Using the data that follows, output only the lines from the line with "鱼缸中后景水草活体淡水懒人造景红波绿菊蜈蚣绿宫廷坨草沉木水榕" up to and including the line with "TBD Lot A Hwy", exactly, leaving pictures aside.

● ● ● ● ●

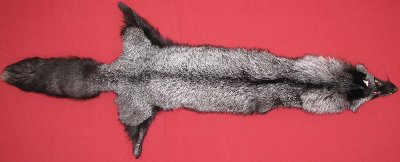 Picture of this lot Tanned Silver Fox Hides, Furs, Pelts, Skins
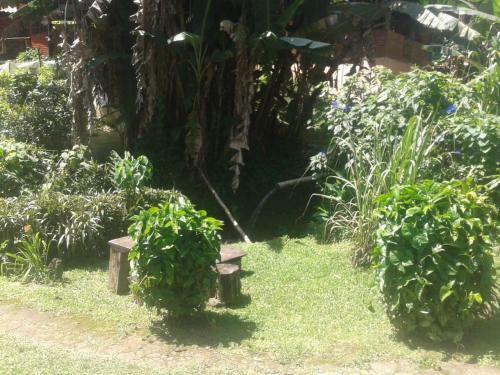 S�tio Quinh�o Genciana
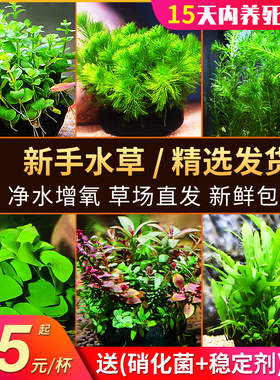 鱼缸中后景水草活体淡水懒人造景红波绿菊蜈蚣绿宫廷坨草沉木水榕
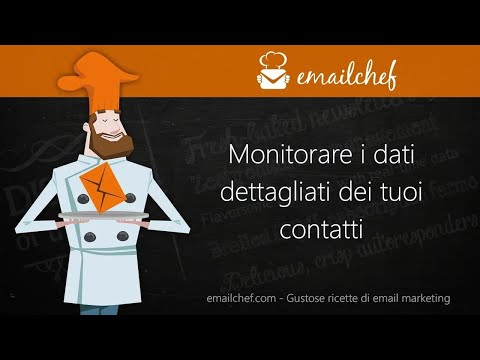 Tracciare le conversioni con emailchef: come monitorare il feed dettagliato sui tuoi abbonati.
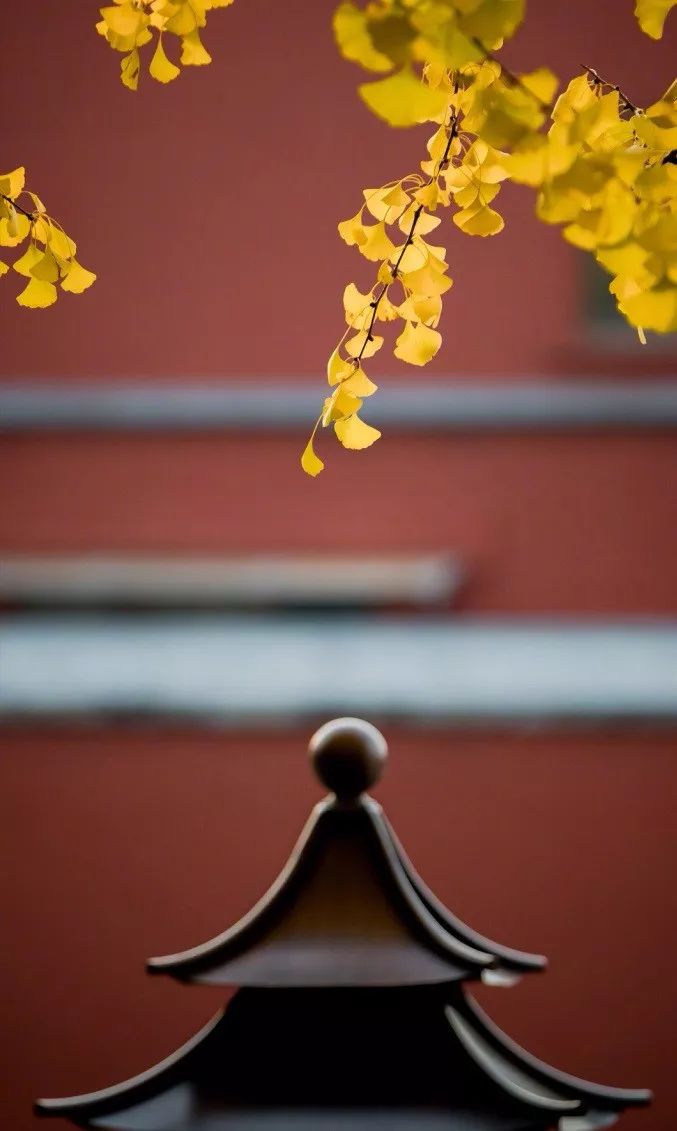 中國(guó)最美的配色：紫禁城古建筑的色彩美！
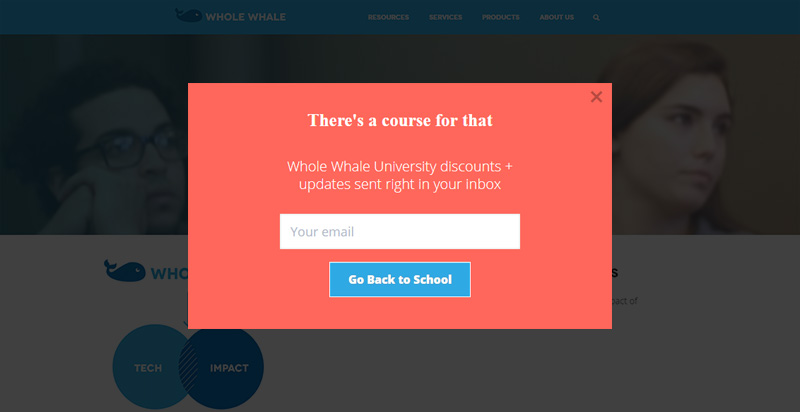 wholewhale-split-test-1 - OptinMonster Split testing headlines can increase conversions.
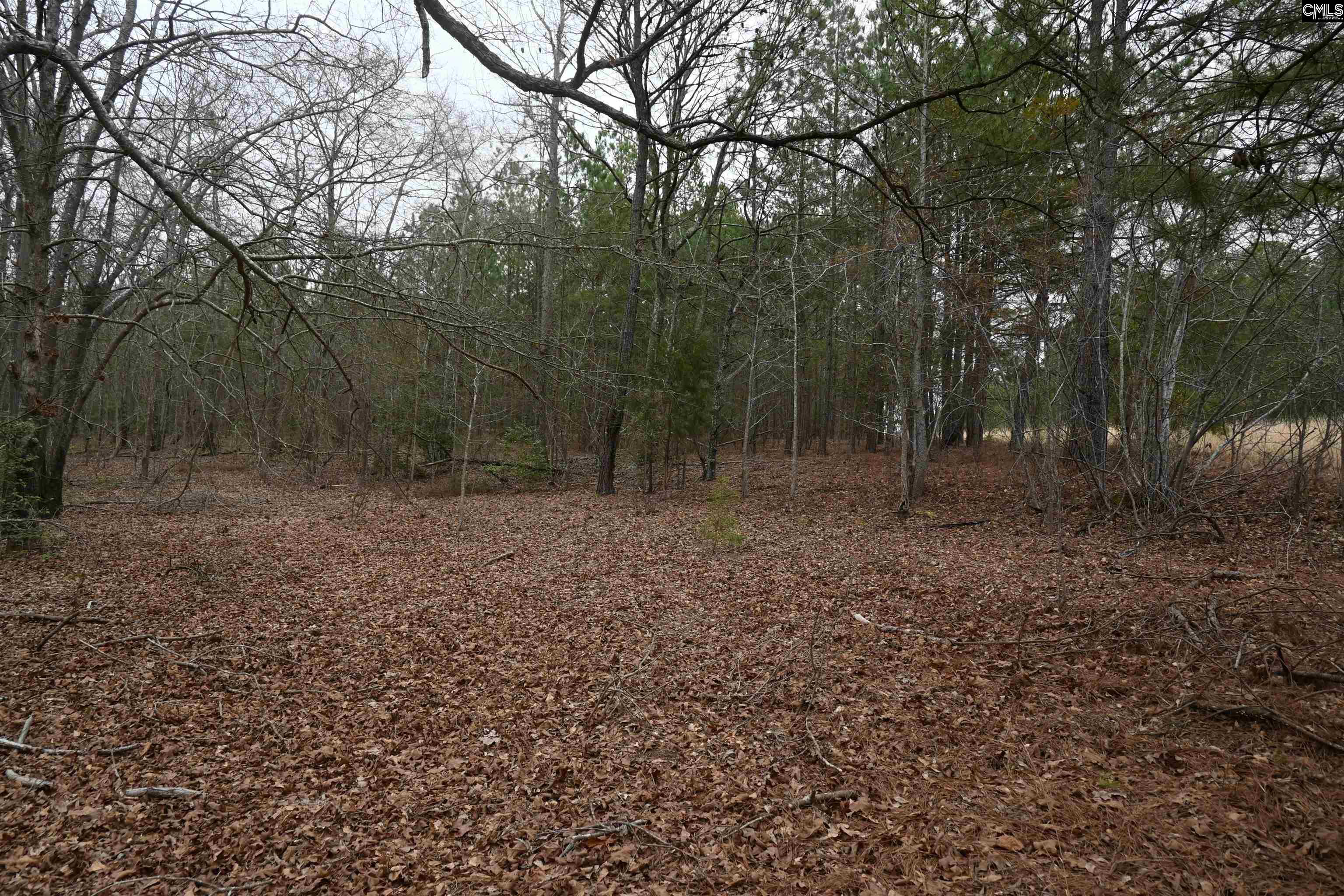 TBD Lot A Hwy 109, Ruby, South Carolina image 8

● ● ● ● ●

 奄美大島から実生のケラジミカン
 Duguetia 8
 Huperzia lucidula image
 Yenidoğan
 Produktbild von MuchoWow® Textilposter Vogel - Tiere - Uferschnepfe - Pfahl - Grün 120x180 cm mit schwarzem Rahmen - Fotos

● ● ● ● ●

> [YOUR SOLUTION]
 鱼缸中后景水草活体淡水懒人造景红波绿菊蜈蚣绿宫廷坨草沉木水榕
 Tracciare le conversioni con emailchef: come monitorare il feed dettagliato sui tuoi abbonati.
 中國(guó)最美的配色：紫禁城古建筑的色彩美！
 wholewhale-split-test-1 - OptinMonster Split testing headlines can increase conversions.
 TBD Lot A Hwy 109, Ruby, South Carolina image 8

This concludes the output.